In January, U.S. dairy export volume topped prior-year levels for the eighth straight month, due to continued gains in sales of milk powder and whey products, according to the U.S. Dairy Export Council (USDEC). Suppliers shipped 149,864 tons of milk powders, cheese, butterfat, whey and lactose during the month, which was 11% greater than a year ago. The overall export value was $412 million in January, up 10%.
However, January trade data confirm a slowdown in exports to Mexico, USDEC said. Shipments south of the border were valued at $93 million, down 2% from last January and the lowest figure since August 2015 (on a daily-average basis). Milk powder and cheese exports to Mexico were off. Overall exports to Japan and South America also trailed year-ago levels, while suppliers had more success in China (up 47%), Canada (up 23%) and Southeast Asia (up 15%).
Official U.S. Department of Agriculture data continue to show an increase in whole milk powder (WMP) exports to Mexico, but Mexican import data and trade sources don’t corroborate this, USDEC said, adding that it believes this volume represents skim milk powder (SMP) sales that were misclassified at the port. Therefore, USDEC adjusted nonfat dry milk/skim milk powder (NDM/SMP) and WMP trade data for April 2016 to January 2017 to account for this misclassification.
With this adjustment, NDM/SMP exports were 13% higher than a year ago, with material increases in sales to Southeast Asia (up 45%) and Pakistan (up 333%). Shipments to Mexico, on the other hand, slipped to 19,587 tons, down 2% and the lowest figure since last March.

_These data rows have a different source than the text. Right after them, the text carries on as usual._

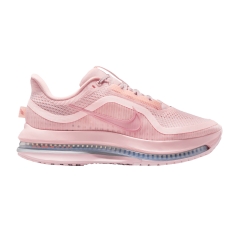 Product Added to Cart!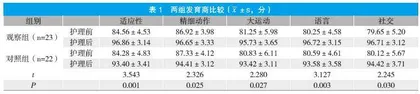 儿童保健护理联合发育支持护理对儿童成长发育的干预作用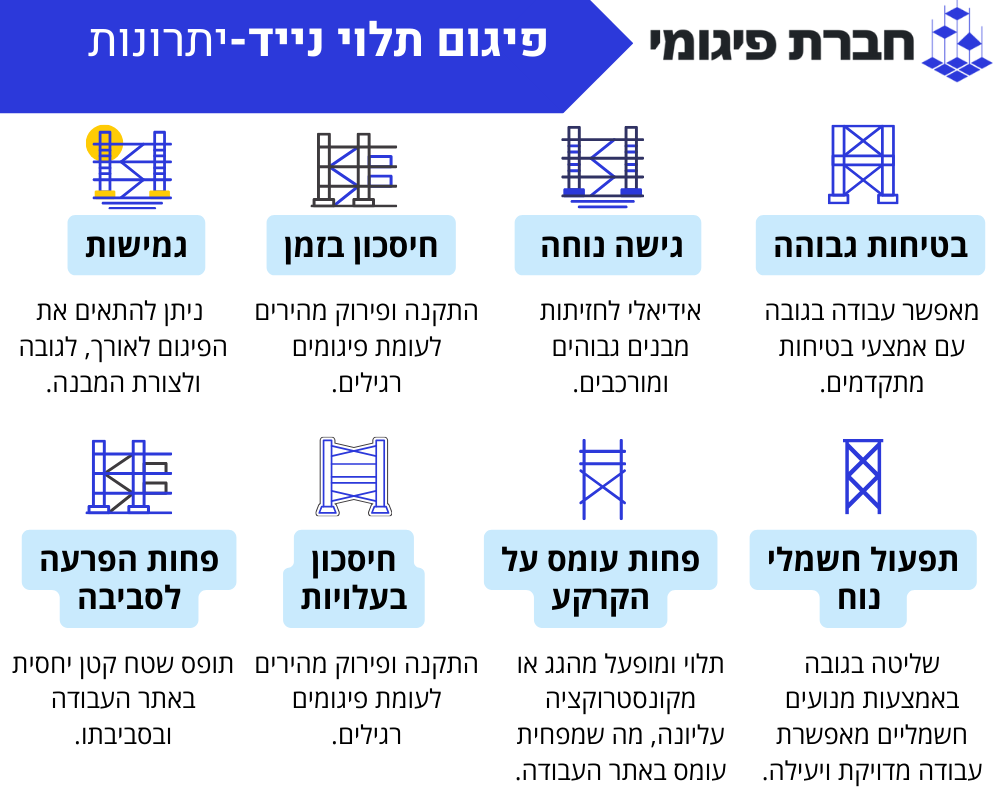 פיגום תלוי נייד יתרונות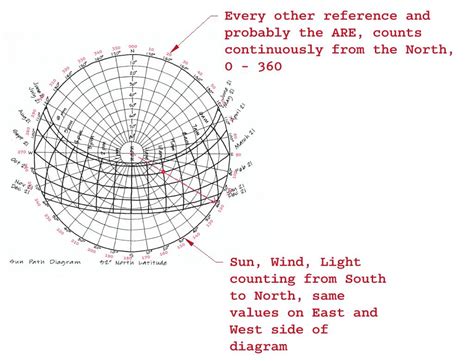 Sun Angle Diagram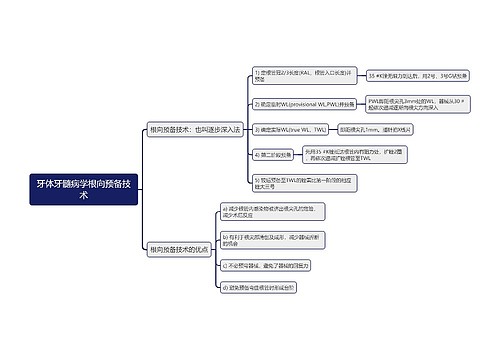 牙体牙髓病学根向预备技术思维导图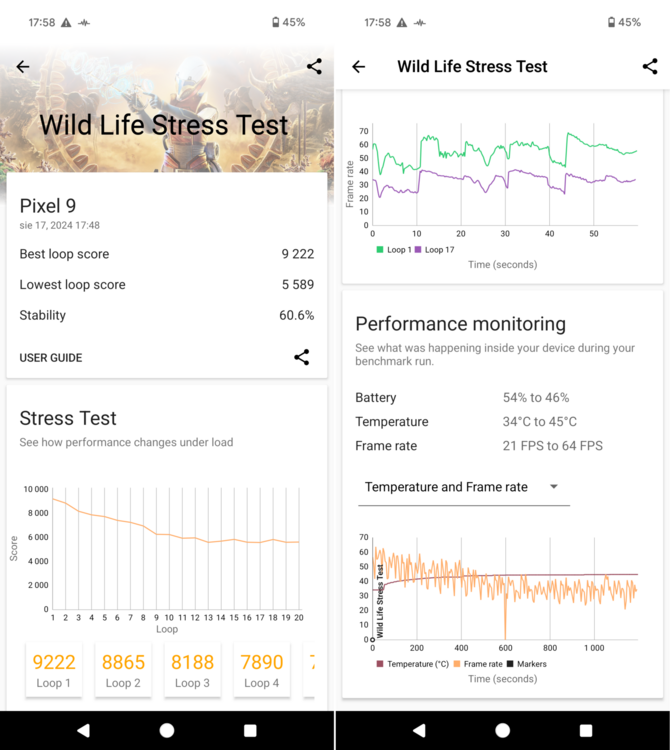 Test smartfona Google Pixel 9 - kompaktowy flagowiec wspierany przez funkcje AI. Czas pracy na baterii to duża niespodzianka! [nc1]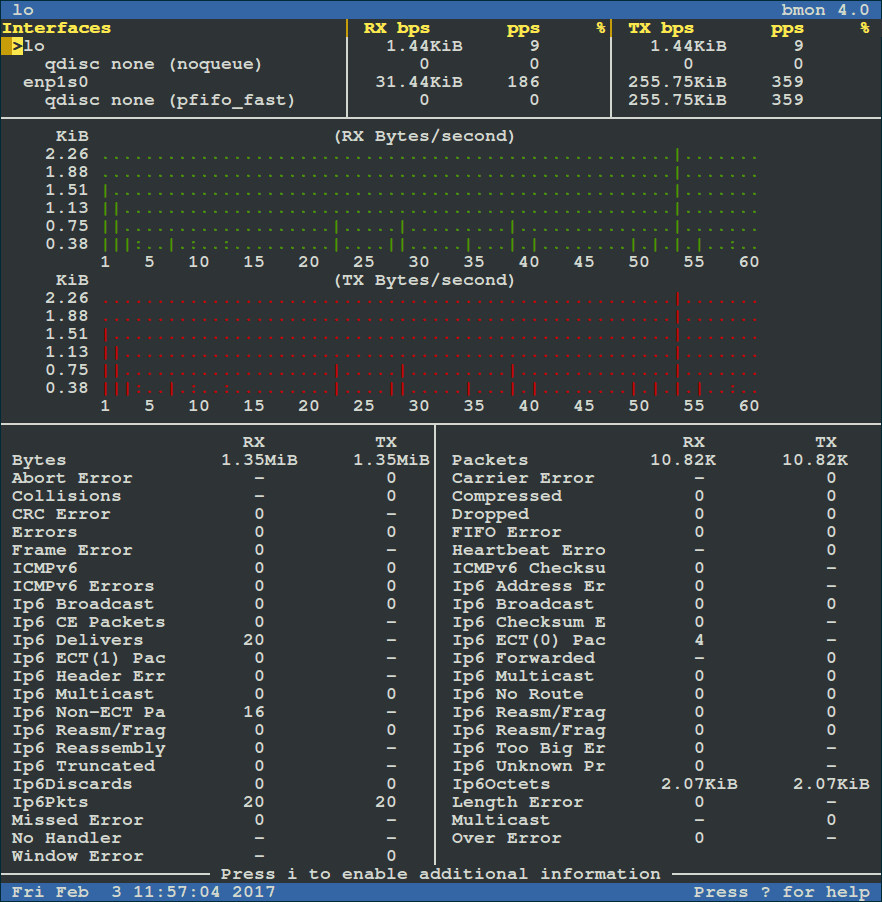 bmon A Powerful Network Bandwidth Monitoring and Debugging Tool for Linux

Cheese exports totaled 22,670 tons in January, up 3% from the depressed levels of January 2016. Shipments to Mexico were just 5,435 tons, down 28% and the lowest volume since January 2013. Sales to Japan and the Middle East/North Africa region also continue to lag. Meanwhile, Australia was the number-three customer in January, taking 2,186 tons (up 63%), and over the last five months, U.S. cheese exports to South Korea were up 29%.
USDEC noted that whey exports remain particularly strong. Total whey shipments of 41,220 tons in January were up 24% from last year. Nearly half of those sales went to China, which bought almost twice as much as a year ago. Over the last eight months through January, U.S. whey exports to China were up 73%. However, in January, exporters sold 10% less to Southeast Asia, the lowest volume since December 2015.
U.S. exports of fluid milk and cream were up 12% in January, but shipments to Canada began to slow. Exporters sold 3.11 million liters to Canada in January, compared with an average of 6.91 million liters per month in the fourth quarter of 2016.
Lactose exports were up 1% in January. Gains to Southeast Asia, China and Mexico offset declines in exports to New Zealand. Shipments of milk protein concentrate, butterfat and WMP remain negligible.